_About this exercise_:
With pictures left out, output word for word the lines from the one containing "OfAkiva Rebel Gradient" through the end of the material below.

_Information supplied_:
***
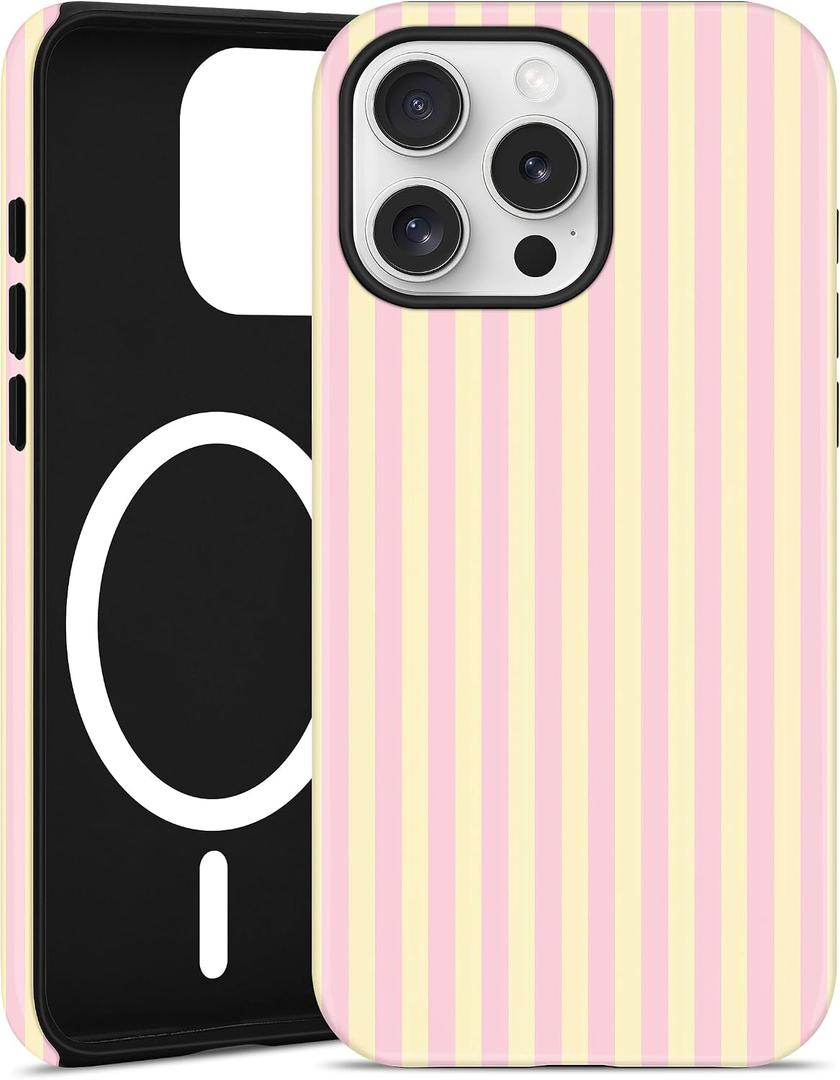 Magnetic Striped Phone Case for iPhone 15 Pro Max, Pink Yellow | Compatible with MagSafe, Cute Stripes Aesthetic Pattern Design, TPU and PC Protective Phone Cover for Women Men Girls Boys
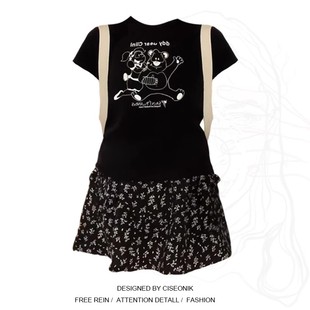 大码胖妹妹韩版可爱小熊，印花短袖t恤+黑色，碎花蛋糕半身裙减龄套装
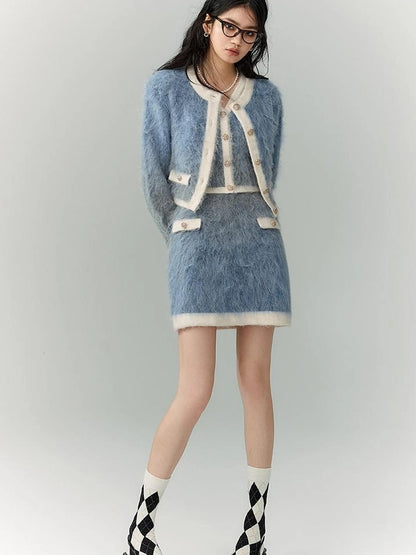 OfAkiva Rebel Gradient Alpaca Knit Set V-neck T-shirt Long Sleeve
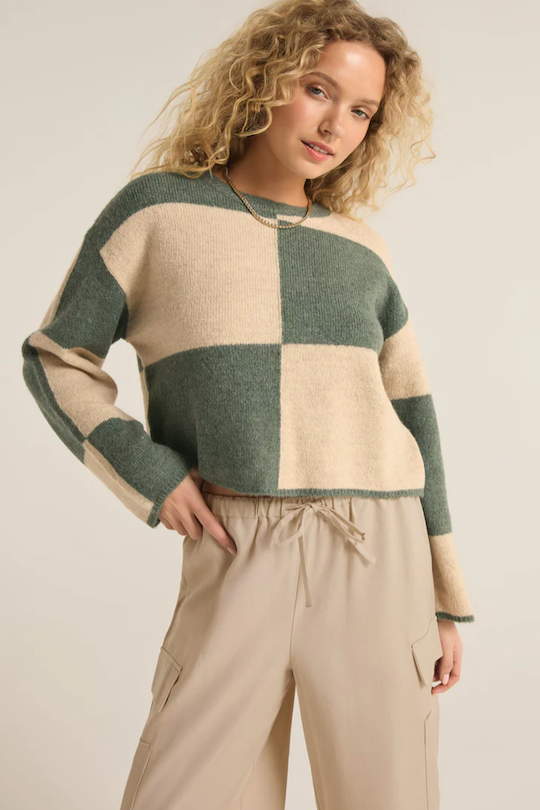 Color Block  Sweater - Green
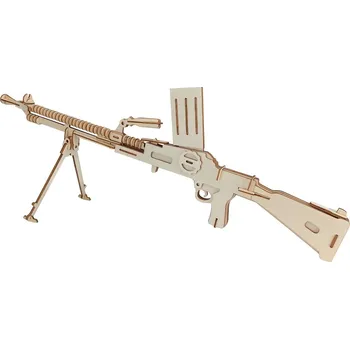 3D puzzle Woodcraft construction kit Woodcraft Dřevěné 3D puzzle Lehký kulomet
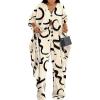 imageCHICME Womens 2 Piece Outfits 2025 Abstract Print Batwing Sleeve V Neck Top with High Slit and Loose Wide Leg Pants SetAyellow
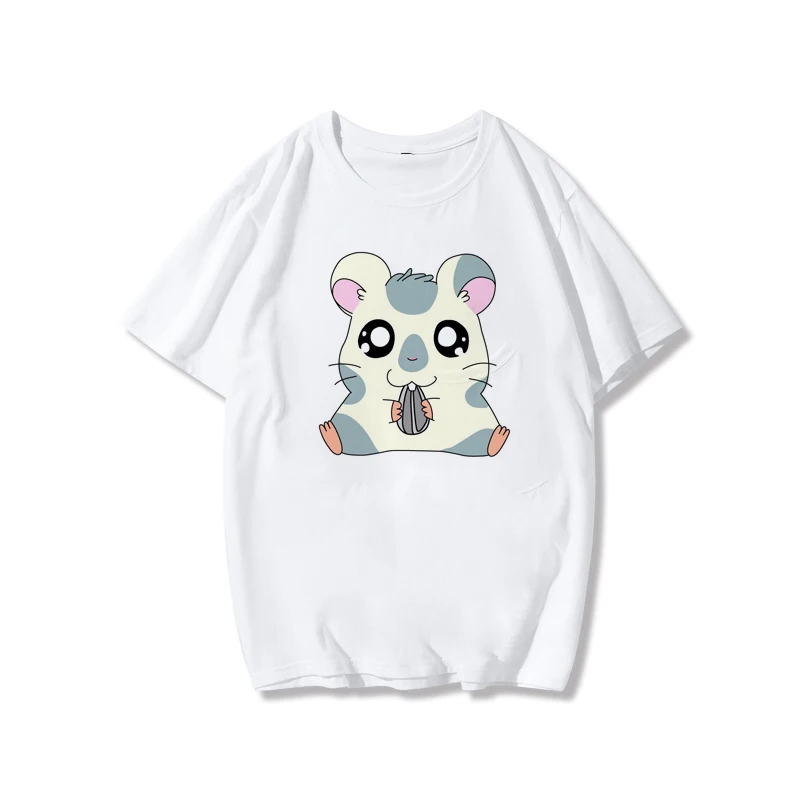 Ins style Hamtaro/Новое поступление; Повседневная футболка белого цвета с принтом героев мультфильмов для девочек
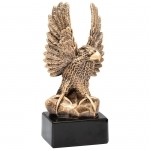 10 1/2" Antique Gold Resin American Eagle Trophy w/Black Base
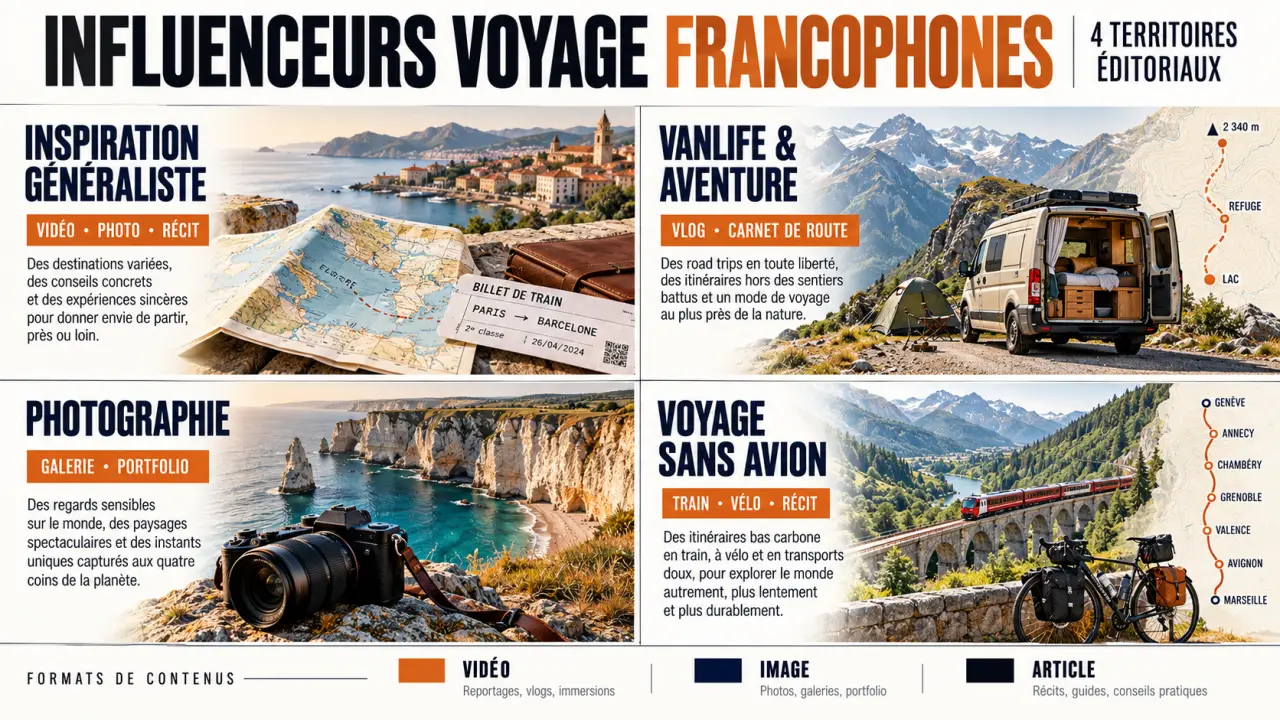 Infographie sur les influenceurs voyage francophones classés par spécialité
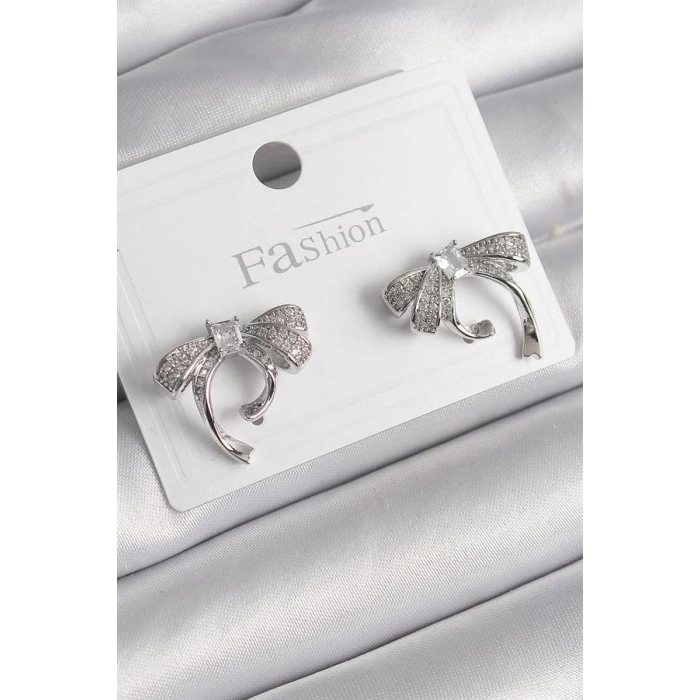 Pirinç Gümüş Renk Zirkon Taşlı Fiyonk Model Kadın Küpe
***
_Exercise output_:
 OfAkiva Rebel Gradient Alpaca Knit Set V-neck T-shirt Long Sleeve
 Color Block  Sweater - Green
 3D puzzle Woodcraft construction kit Woodcraft Dřevěné 3D puzzle Lehký kulomet
 imageCHICME Womens 2 Piece Outfits 2025 Abstract Print Batwing Sleeve V Neck Top with High Slit and Loose Wide Leg Pants SetAyellow
 Ins style Hamtaro/Новое поступление; Повседневная футболка белого цвета с принтом героев мультфильмов для девочек
 10 1/2" Antique Gold Resin American Eagle Trophy w/Black Base
 Infographie sur les influenceurs voyage francophones classés par spécialité
 Pirinç Gümüş Renk Zirkon Taşlı Fiyonk Model Kadın Küpe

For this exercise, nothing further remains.